■ **Exercise prompt**:
Produce word for word the lines of the data below running from the one that has "Used Line 6" to the one that has "Dance Under the", inclusive, and no others.

■ **Data for processing**:

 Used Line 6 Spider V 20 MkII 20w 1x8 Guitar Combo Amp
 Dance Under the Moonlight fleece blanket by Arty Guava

* * *

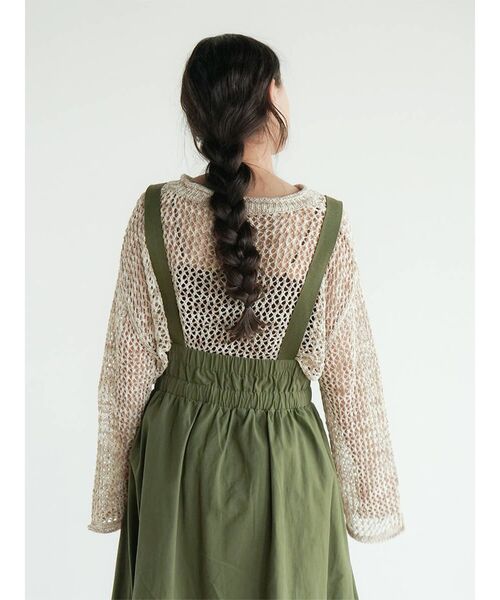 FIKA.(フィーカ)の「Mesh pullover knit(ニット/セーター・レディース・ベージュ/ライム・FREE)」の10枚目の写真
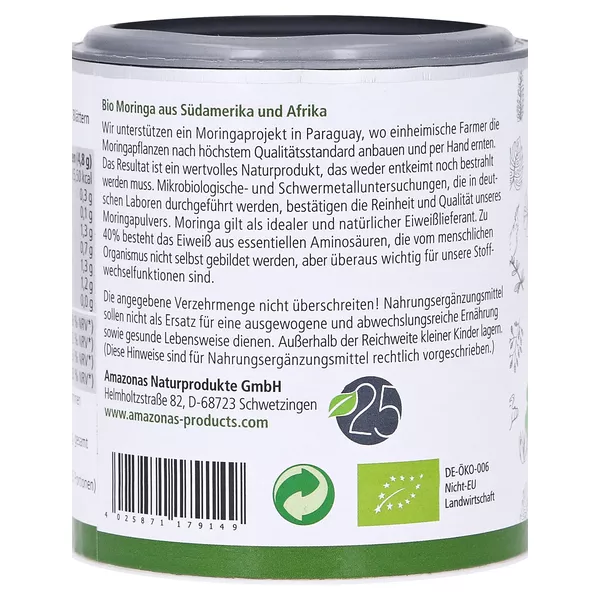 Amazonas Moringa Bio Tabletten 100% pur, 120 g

■ **Solution for this problem**:
 Used Line 6 Spider V 20 MkII 20w 1x8 Guitar Combo Amp
 Dance Under the Moonlight fleece blanket by Arty Guava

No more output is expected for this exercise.